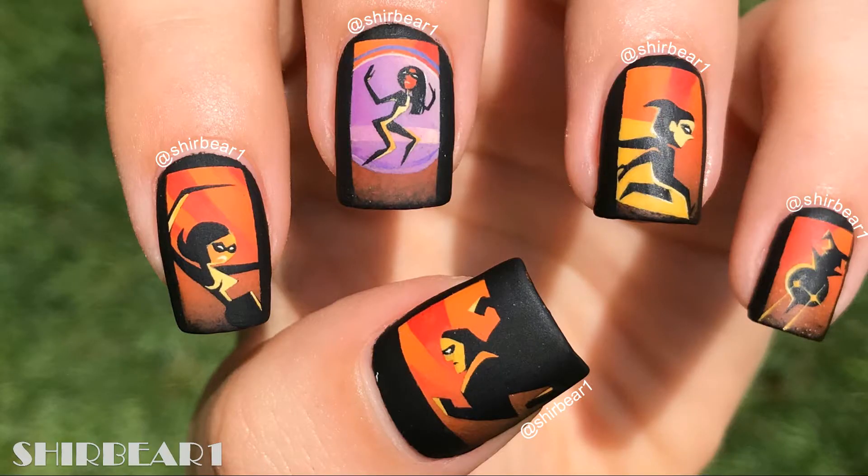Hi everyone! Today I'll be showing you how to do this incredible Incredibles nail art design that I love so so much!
==
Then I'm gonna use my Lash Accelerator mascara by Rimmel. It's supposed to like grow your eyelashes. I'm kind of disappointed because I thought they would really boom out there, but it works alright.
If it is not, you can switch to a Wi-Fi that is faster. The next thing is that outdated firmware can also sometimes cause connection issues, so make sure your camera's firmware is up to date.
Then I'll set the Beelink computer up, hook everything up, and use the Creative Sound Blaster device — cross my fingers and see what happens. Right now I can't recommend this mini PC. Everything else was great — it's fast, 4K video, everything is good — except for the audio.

## Work to complete
Number of lines holding the word "your" in the material: give this value and nothing more.

## Worked solution
2